Material to process: Begin

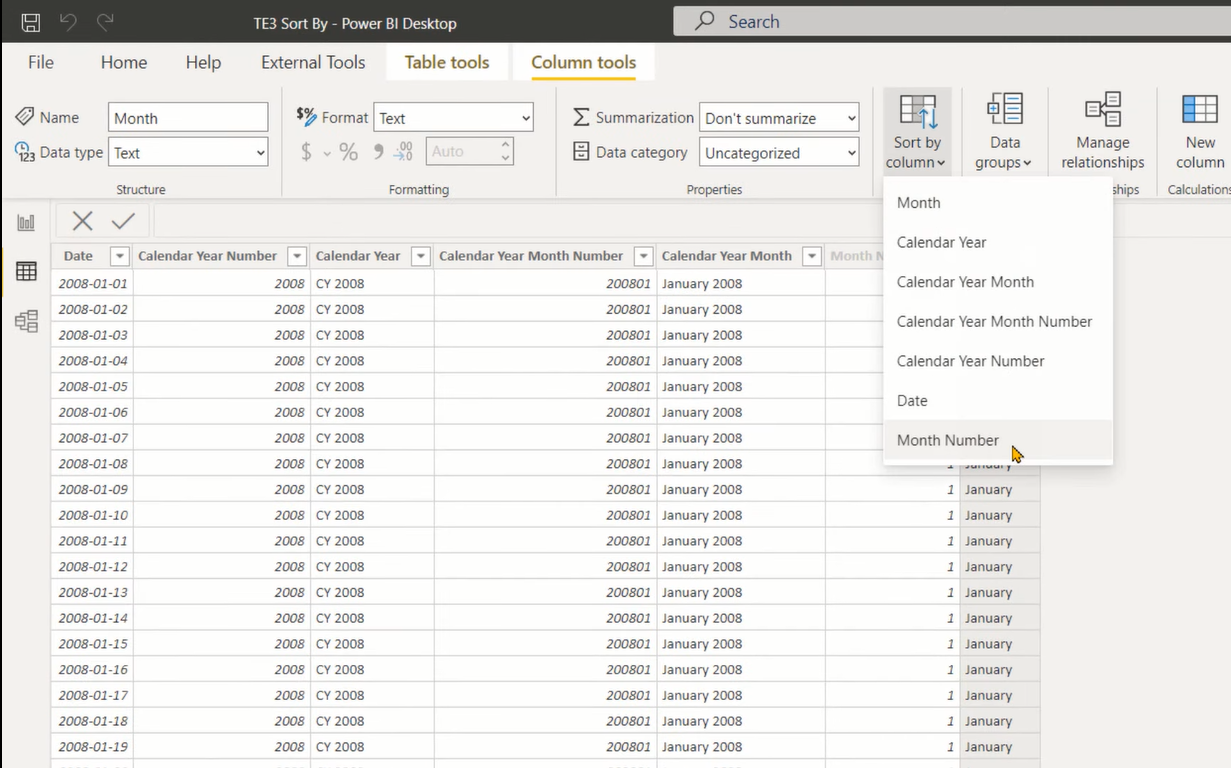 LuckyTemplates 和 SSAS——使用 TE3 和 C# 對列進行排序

Material to process: End
Material to process: Begin

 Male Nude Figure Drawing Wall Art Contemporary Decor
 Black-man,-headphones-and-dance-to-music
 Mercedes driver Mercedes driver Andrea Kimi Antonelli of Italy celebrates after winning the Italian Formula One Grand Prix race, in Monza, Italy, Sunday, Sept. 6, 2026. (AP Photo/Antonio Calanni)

Material to process: End

→ What to do
Reproduce exactly the section above that begins at the line containing "Black-man,-headphones-and-dance-to-music" and ends at the line containing "Mercedes driver Mercedes", leaving out all other lines.

→ Your response
 Black-man,-headphones-and-dance-to-music
 Mercedes driver Mercedes driver Andrea Kimi Antonelli of Italy celebrates after winning the Italian Formula One Grand Prix race, in Monza, Italy, Sunday, Sept. 6, 2026. (AP Photo/Antonio Calanni)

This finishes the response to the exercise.